Daily Briefing. Dorsky, Snow, Kael

Also: Fred and Adele Astaire, John Ford and _Cartoon College_.
David Hudson
The DailyCompline

A two-evening cycle in Los Angeles, Seeing and Awakening: New Films by Nathaniel Dorsky at REDCAT on Monday — Pastourelle (2010), The Return (2011) and the world premiere of August and After — and A Quartet of Recent Films by Nathaniel Dorsky at the UCLA Film & Television Archive's Billy Wilder Theater on Friday — Sarabande (2009), Compline (2009), Aubade (2009) and Winter (2008) — is the occasion for an appreciation by Manohla Dargis in the New York Times:

Because the films are silent and don't come with explanatory on-screen text, you can luxuriate in the visual complexity of the images. You may, amid all this loveliness, worry about what it all means. Although Mr Dorsky gestures in certain interpretive directions, notably with his titles — "Compline" is the name of the final prayer of the day in the Roman Catholic Church — he never forces you down this or that path. Then again, what can the image of eye-poppingly purple flowers mean? "Interpretation," as Susan Sontag memorably wrote "is the revenge of the intellect upon art." A few pages later in the same essay, "Against Interpretation," she extols transparence in art (and criticism), writing that it "means experiencing the luminousness of the thing in itself, of things being what they are."

Art, as Sontag persuasively argued, doesn't stand for something else but is itself a thing, and while Mr Dorsky's films can inspire explanatory reveries, they are also beautiful objects.

Reading. "This week, MoMA's recent acquisition of [Michael] Snow's slide installations Slidelength (69-71) and Sink (70) brought the Toronto-born artist back across the border for an edition of the museum's Modern Mondays series," writes Emma Myers for the Film Society of Lincoln Center. "Although the main focus of the evening's discussion was his gallery work — Snow doesn't like to talk about his films without screening them, and seeing 'snippets is never a good idea' — the influence of the filmic is pervasive in his art, which plays with themes of vision, perception, pattern, repetition, framing, and the relationship between time and space.
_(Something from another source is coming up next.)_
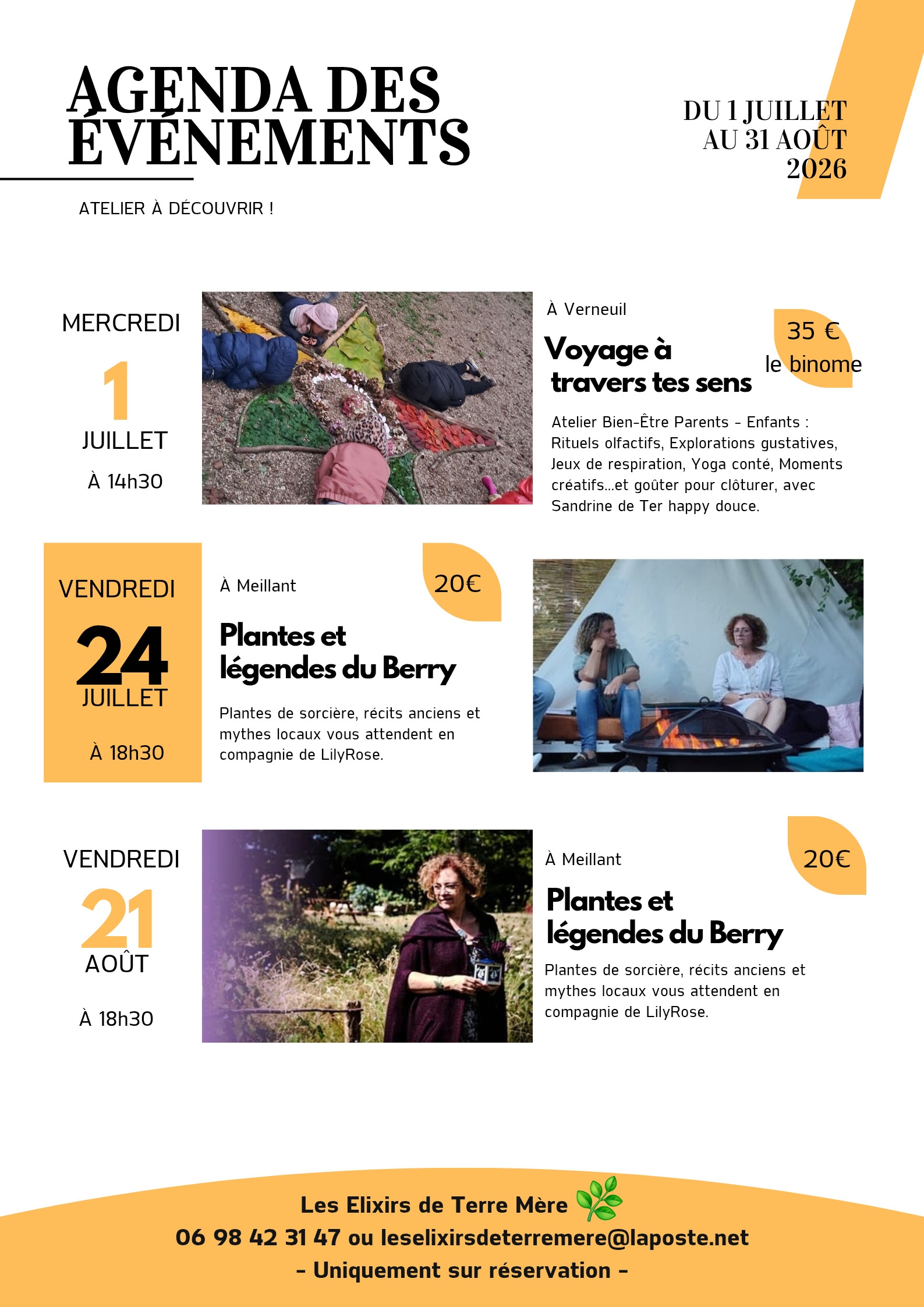 Voyage à travers tes sens — visuel événement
Favoring the participatory over the didactic, Snow's conceptual visions are transformed into physical experiences that reward the engaged viewer."

Andy Rector runs a passage from the John Ford section of Colin Young's 1959 essay in Film Quarterly, "The Old Dependables."

Books. In the run-up to and immediately following the all but simultaneous publication last fall of Brian Kellow's biography Pauline Kael: A Life in the Dark and the Library of America's collection The Age of Movies: Selected Writings of Pauline Kael, edited by Sanford Schwartz, "a critical furore erupted, with lengthy reviews, reviews of reviews, symposia, staged conversations, and hectic blogging," writes Elaine Showalter in the TLS, and you'll find much of it here. Showalter concentrates on Kellow's book: "Kael emerges from his biography as a great cinematic character, a kind of Citizen Kane, with a life lived and shaped by the dark."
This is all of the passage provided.